Nas’s 2002 release The Lost Tapes
is a compilation of previously unreleased tracks that draws primarily on material from the I Am…
sessions. Originally intended as a double album, I Am…
was heavily affected by bootlegging prior to its release, resulting in many tracks being left on the cutting room floor. The resulting single disc album was intermittently inspired but like much of his post-Illmatic
work, it suffered from sub standard beats and a slew of unnecessary guest spots that dulled the albums edge.
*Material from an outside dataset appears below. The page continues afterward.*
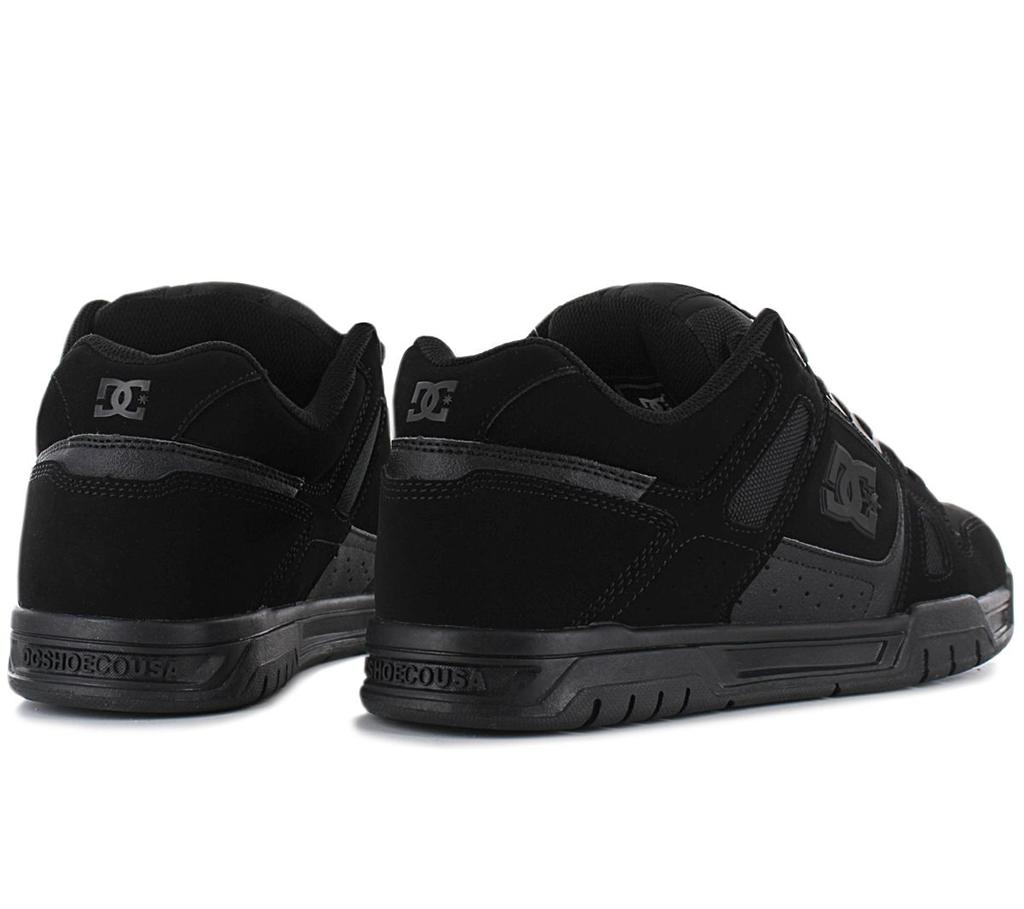 DC Shoes Stag - Мужская обувь для скейтеров Обувь для скейтбординга Leather Black 320188 Кроссовки Спортивная обувь ORIGINAL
The Lost Tapes
provides a glimpse of what might have been and is an altogether leaner, sharper record that, for a few tracks at least - harkens back to the poetic wordplay and effortless flow of Illmatic
It’s no secret that much of the appeal of a Nas album comes from his ability to pen simultaneously poignant and gritty depictions of street life, and The Lost Tapes best tracks (“Purple”, “Doo Rags”, “Drunk By Myself”) are no different, marrying silky smooth piano hooks with some trademark lyrical turns of phrase: “unmarked police cars roam the streets hard, the heat is god, somebody tell these shorties reach for the stars/instead they tell ‘em how to reach through the bars/holdin a mirror lookin down a tear in jail, makin weapons to kill ya”. Elsewhere, he raps from the perspective of a baby inside the womb (“Fetus”) and revisits his salad days on warm, emotive album opener “Doo Rags”: “I used to play Apollo balcony seats/watchin niggaz swing razors in the front row/then out in the streets”. The production, courtesy of The Alchemist, L.E.S. and Rockwilder among others, is generally solid but not averse to throwing up a few uninteresting beats or misjudged samples for Nas to rap over, and its these tracks, such as the trite “Nothing Lasts Forever”, that drag the album down a little. Despite these flaws, The Lost Tapes is proof that even Nas’s cast offs are worthy of repeated listens.